FedEx to buy out TNT Express for $4.8 billion

FedEx Corporation and TNT Express have reached agreement for a $4.8 billion buyout of the Amsterdam-based company by the U.S.-based package carrier.

The combined companies will be a strong global competitor in the transportation logistics industry, with FedEx bringing a strong presence in North America and Asia and TNT Express bringing a European presence to the mix.

The combined companies will enjoy access to a considerably enhanced, integrated global network. TNT Express has a strong European road platform and major hub in Lieb, Belgium.

TNT Express customers will be able to tap into FedEx’s portfolio of solutions, including global air express, freight forwarding, contract logistics and surface transportation capabilities, according to a joint statement.

“We believe that this strategic acquisition will add significant value for FedEx shareowners, team members and customers around the globe. This transaction allows us to quickly broaden our portfolio of international transportation solutions to take advantage of market trends – especially the continuing growth of global e-commerce – and positions FedEx for greater long-term profitable growth,” said Frederick W. Smith, chairman and CEO of FedEx Corp.

TNT Express CEO Tex Gunning said the offer came unsolicited. “This offer comes at a time of important transformations within TNT Express and we were fully geared to executing our stand-alone strategy. But while we did not solicit an acquisition, we truly believe that FedEx’s proposal, both from a financial and a non-financial view is good news for all stakeholders. Our people and customers can profit from the true global reach and expanded propositions, while with this offer our shareholders can already reap benefits today that otherwise would only have been available in the longer run.”

Both firms noted in a statement that they expect to wrap up the acquisition within the first six months of 2016 and don’t foresee any major anti-trust complications.

Both FedEx and TNT also agreed to several caveats as part of this deal:

  • Existing employment terms of TNT Express will be respected;
  • The European regional headquarters of the combined companies will be in Amsterdam/Hoofddorp in the Netherlands;
  • TNT Express’ hub in Liege, Belgium, will be maintained as a significant operation for the group going forward;
  • TNT Express’ airline operations will be sold off, in compliance with applicable airline ownership regulations.

United Parcel Service attempted to acquire TNT Express nearly two years ago in a deal that was disallowed by the European Commission due to anti-competitive issues.

Alan Graf, FedEx’s chief financial officer, said he was “very confident” in regulatory approval being secured.

TNT Express Chairman Anthony Burgmans said the FedEx deal is “much simpler” than the UPS one, which means fewer synergies but a better strategic fit. “We’re pored over this in detail, and we feel very confident,” he said. “Last time we thought it was doable but complex, but this time, we are as certain as can be in life that this deal will close in Brussels.”
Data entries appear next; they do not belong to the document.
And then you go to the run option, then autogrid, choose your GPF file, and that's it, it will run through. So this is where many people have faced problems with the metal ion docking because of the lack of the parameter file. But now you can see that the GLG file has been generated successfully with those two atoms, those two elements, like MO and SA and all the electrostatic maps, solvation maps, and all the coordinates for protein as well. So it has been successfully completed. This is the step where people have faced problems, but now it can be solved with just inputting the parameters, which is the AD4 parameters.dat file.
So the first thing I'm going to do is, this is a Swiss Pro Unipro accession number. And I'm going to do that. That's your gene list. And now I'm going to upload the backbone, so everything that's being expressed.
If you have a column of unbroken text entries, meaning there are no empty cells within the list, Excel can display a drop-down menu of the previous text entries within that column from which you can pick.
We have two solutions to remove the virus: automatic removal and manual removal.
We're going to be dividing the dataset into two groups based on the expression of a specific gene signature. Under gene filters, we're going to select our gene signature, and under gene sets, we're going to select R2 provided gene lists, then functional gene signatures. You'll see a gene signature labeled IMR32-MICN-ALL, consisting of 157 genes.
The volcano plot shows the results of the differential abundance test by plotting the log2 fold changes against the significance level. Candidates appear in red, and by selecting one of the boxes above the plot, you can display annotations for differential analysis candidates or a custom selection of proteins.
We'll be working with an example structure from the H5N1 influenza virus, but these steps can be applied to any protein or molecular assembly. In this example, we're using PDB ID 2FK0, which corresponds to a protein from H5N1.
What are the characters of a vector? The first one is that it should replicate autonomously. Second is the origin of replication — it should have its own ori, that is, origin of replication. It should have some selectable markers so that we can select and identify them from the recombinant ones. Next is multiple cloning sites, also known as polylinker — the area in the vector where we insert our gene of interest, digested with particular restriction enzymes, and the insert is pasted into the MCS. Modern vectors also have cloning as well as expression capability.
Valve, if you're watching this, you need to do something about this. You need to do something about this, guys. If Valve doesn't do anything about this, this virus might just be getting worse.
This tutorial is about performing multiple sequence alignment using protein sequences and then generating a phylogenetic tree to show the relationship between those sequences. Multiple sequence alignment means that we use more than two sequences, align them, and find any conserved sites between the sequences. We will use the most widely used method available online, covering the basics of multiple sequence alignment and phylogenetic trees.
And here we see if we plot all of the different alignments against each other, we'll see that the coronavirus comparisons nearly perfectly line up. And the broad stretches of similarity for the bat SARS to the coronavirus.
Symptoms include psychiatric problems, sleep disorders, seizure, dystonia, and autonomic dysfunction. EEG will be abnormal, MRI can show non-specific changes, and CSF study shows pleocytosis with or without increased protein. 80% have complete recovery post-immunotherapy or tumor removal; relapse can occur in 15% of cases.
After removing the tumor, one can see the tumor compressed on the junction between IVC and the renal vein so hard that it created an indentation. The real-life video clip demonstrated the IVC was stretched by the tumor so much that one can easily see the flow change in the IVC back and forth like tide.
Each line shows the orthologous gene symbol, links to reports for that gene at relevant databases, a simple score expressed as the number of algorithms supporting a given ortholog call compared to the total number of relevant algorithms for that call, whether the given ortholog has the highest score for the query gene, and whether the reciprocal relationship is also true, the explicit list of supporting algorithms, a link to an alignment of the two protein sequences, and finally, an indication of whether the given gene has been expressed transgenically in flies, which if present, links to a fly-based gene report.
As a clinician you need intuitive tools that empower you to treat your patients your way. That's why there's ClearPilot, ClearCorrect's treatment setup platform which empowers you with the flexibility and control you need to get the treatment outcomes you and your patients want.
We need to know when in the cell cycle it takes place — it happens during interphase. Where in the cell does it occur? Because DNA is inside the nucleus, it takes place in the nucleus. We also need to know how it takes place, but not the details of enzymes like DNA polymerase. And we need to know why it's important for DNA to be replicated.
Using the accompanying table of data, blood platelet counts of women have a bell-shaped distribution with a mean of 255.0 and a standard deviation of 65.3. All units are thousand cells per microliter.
Roger Sumner-Rivers, an industry expert and founder of pioneering internet couriers ParcelHero, which delivers fast, reliable and cost-effective courier services to over 220 countries, told Forbes the acquisition would be good for the industry.

“It’s not only the courier industry that will benefit, but it is customers that should ultimately be the real winner,” he said. He also believes the resulting company, will lead to “stronger competition” within Europe and globally.

“This merger will most likely succeed because FedEx and TNT are a shrewder fit than UPS and TNT was. They complement each other without overlapping significantly,” he said. “UPS’ primary goal in seeking to takeover TNT was to build on its already substantial European business, which would have resulted in the combined company holding an unassailable 30 percent of the European market. The FedEx-TNT merger is far less likely to fall foul of EU competition authorities.”

The FedEx-TNT tie up would command around 17-18 percent of the market.

A strong dollar against the Euro proved to be a boon for FedEx. FedEx timed the purchase to save 22 percent on the price from a year ago.